The views expressed in this speech are those of the speaker and not the view of the BIS.
Technology is driving rapid change in the way we make payments and in the concept of "money." There is a long history of technological advances challenging the prevailing notions of money, from the trading of coins to the use of paper currency, to the electronic debiting and crediting of funds on the accounts of banks. Today, efforts by global stablecoin networks such as Facebook's Libra to establish the next chapter in the story of money are raising threshold questions about legal and regulatory safeguards, financial stability, and monetary policy.
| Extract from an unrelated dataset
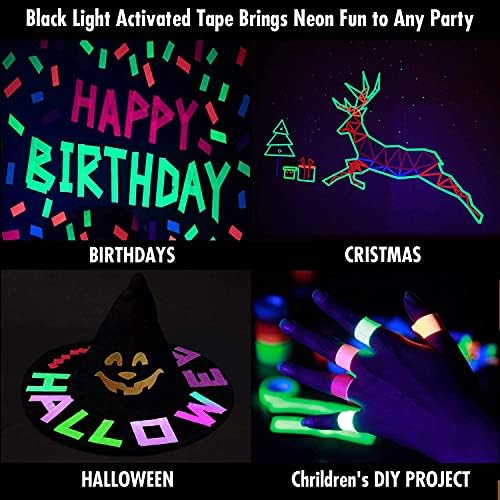 Neon Tape - 6 Colors Fluorescent UV Blacklight Glow In Dark Tape - Neno Gaffer Cloth Tape for Neno Party Decoration (0.6 inch x 16.5 feet)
Because of its potential global reach, Facebook's Libra imparts urgency to the debate over what form money can take, who or what can issue it, and how payments can be recorded and settled.
Reassessing Money
Money has traditionally served three functions. Money facilitates payments as a medium of exchange, serves as a store of value that can be relied on for future use, and simplifies transactions by providing a common unit of account to compare the value of goods and services.
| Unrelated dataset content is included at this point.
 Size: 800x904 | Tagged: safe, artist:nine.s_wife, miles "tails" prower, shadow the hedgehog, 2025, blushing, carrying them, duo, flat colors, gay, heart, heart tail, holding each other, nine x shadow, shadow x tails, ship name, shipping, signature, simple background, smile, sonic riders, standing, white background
A decade ago, Bitcoin was heralded as a new kind of digital money that would address frictions in payments as well as serve as a unit of account and store of value without the need for centralized governance. Bitcoin's emergence created an entirely new payment instrument and asset class exchanged over a set of payment rails supported by distributed ledger technology. Distributed ledger technology may allow for a shared, tamper-resistant ledger that can be updated by anyone with sufficient computing power, in contrast to traditional recordkeeping systems built on a single ledger managed by a trusted central entity. But Bitcoin and some other early iterations of cryptocurrencies have exhibited extreme volatility, limited throughput capacity, unpredictable transaction costs, limited or no governance, and limited transparency, which have limited their utility as a means of payment and unit of account.